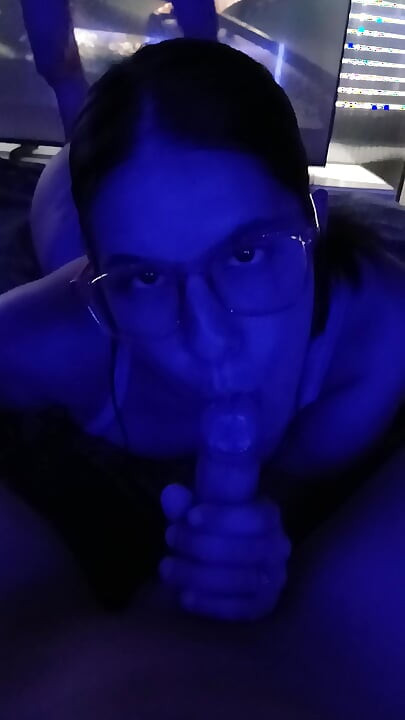 Encore votre milf préféré qui s’amuse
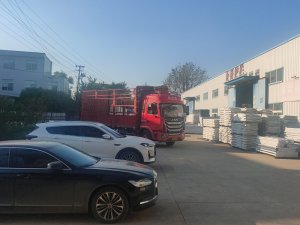 2024年10月31日锌钢连廊栏杆装车发货!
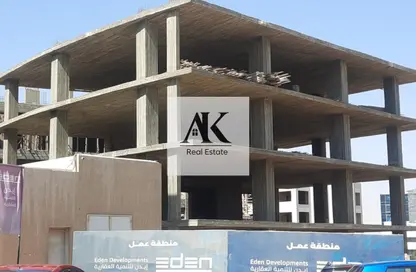 Whole Building - Studio - 7+ Bathrooms for sale in Bank Center Street - South Teseen St. - The 5th Settlement - New Cairo City - Cairo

[WORK REQUIRED]
Give the listing above again in its entirety and exactly; do not include the pictures.

[OUTPUT]
 Encore votre milf préféré qui s’amuse
 2024年10月31日锌钢连廊栏杆装车发货!
 Whole Building - Studio - 7+ Bathrooms for sale in Bank Center Street - South Teseen St. - The 5th Settlement - New Cairo City - Cairo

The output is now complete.